President Eyring blessed the young men and young women that they would feel the love of their Heavenly Father “tonight and always,” that their desire to be true to their covenants with God will increase, and that their determination to follow Jesus Christ will grow and remain with them.
“And I bless you that this experience tonight will stay in your memory like a light and will draw you back to the temple time and time again,” he said.
Elder William R. Walker, Executive Director of the Temple Department, conducted the program prior to the staging of the celebration. Also present were Elder Tad R. Callister of the Presidency of the Seventy, and his wife, Kathryn; Elder Kent F. Richards of the Seventy, and his wife, Marsha; Elder Walker’s wife, Vicki; and President Monson’s daughter, Ann M. Dibb, and her husband, Roger.
Rosanne Tidwell, who was a writer of the script along with Robert Madsen, Richard Madsen and Jason Barney, told the Church News of some of the logistics of staging the cultural celebration. The first thing she mentioned was what it took to bring together 12,000 youth. They divided the youth into six regions and arranged for each region to practice separately in places such as high school football fields. The whole “cast of thousands” met together for the first time on Saturday, Feb. 22.
“It was amazing,” she said as she tried to describe the sight of 12,000 youth filling the soccer fields in view of the temple in the background. “Many of the young men and young women sacrificed time and other activities in order to participate in the celebration.”
She said that the youth, upon hearing forecasts for rain earlier in the week, made a plea to the program’s organizers that the show would go on despite the weather. It went on. Other than having wet hair and drenched clothing, the young people carried out their roles seemingly without missing a beat. Water streamed down their beaming faces. They performed as if the added moisture didn’t bother them. According to Jake Dalton, 12, the rain wasn’t a problem. He described the experience of being in the program as “really fun. It was amazing how I couldn’t really feel we were wet, even though we were soaked.” If the chance came along again to perform in the rain, he said, “I would do it in a minute; I would do it multiple times.”

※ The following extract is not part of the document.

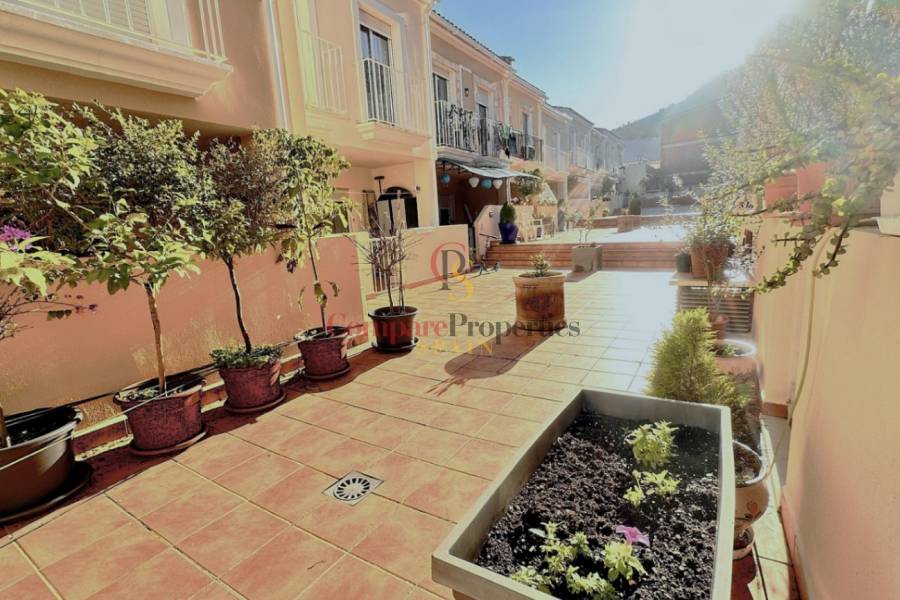 Sale - Bungalow - Orba Valley - Casco urbano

Caitie Marble, 17, was among fiddlers playing for a hoedown number. She and other musicians saw the rain as an obstacle, “something that could have caused costly damage to my mom’s nicer violin. But I made a commitment to take part, and I wouldn’t miss the experience for anything in the world.
“I was willing to gladly accept any monetary consequence in return to have the opportunity to share my personal excitement and gratitude for the temple through the talents I have been blessed with. So I said a silent prayer and had the time of my life onstage.
“It was an experience I will never forget. Miraculously, there was no harm done to that violin, despite the fact that it was soaked. ...
“I believe that that rain was an outpouring of [the Lord’s] Spirit upon us. I quite literally felt His presence at the celebration.”